Egypt devaluation “step in right direction”

Egypt mapEgypt’s decision to devalue its currency by 14% against the dollar is “a step in the right direction”, though a further weakening of the Egyptian pound is likely.

Salah Shamma of Franklin Templeton Investments, who made the prediction, also says the likelihood of an interest rate hike has increased “considerably” as the central bank moves to hold down inflation and prevent dollarisation, the situation in which the Egyptian pound is replaced by the dollar.

“We do not expect today’s rate to be the final equilibrium rate,” says Shamma, who is head of investment for MENA equities. “The Egyptian pound is likely to weaken further in the near term as the Central Bank of Egypt manages upcoming FX auctions to close the gap with the black market.”
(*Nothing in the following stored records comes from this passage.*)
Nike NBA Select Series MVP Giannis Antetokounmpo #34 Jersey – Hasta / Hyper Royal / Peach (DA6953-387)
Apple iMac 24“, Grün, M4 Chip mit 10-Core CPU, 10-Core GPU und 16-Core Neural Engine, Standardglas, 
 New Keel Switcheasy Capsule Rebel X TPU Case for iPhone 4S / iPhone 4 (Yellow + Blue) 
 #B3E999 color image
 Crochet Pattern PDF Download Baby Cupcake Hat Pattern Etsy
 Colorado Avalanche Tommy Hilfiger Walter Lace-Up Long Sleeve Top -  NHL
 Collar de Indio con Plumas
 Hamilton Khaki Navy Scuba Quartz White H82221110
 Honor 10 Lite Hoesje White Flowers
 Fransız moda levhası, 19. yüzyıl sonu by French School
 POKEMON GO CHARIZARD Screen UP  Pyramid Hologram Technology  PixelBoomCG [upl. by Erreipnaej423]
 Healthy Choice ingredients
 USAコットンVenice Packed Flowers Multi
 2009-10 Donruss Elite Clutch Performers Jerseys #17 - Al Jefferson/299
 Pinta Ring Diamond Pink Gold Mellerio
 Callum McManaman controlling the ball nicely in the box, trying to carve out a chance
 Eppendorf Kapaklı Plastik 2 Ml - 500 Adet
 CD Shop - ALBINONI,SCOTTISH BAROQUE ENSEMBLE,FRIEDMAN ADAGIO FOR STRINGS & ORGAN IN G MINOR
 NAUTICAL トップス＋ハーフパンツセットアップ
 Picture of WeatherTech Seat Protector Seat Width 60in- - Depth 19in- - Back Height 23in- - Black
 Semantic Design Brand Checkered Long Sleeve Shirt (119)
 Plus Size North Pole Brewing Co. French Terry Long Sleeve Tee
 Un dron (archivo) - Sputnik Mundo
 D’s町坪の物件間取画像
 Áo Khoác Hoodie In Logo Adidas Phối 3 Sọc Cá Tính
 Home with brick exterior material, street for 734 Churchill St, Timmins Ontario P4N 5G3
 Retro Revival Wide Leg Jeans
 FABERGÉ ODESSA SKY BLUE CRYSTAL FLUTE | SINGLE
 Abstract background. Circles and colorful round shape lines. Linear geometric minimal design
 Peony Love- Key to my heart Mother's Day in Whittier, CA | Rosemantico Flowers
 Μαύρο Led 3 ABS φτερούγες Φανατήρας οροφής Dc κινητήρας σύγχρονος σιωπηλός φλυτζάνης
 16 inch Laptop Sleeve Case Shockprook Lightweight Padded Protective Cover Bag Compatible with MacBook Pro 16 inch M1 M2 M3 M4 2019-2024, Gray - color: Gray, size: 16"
Ratings agency Fitch Ratings wrote positively of the devaluation, which ought to bolster confidence in the Egyptian pound and unlock foreign investment, however it warned the move would increase Egypt’s cost of borrowing.

The devaluation was nevertheless painful for those foreign investors in Egyptian assets who had not hedged their portfolios.

A fund manager for Ashburton Investments recently told Funds Global MENA that devaluations in the Egyptian pound and the Nigerian naira were needed to unlock stalled investment in African equities.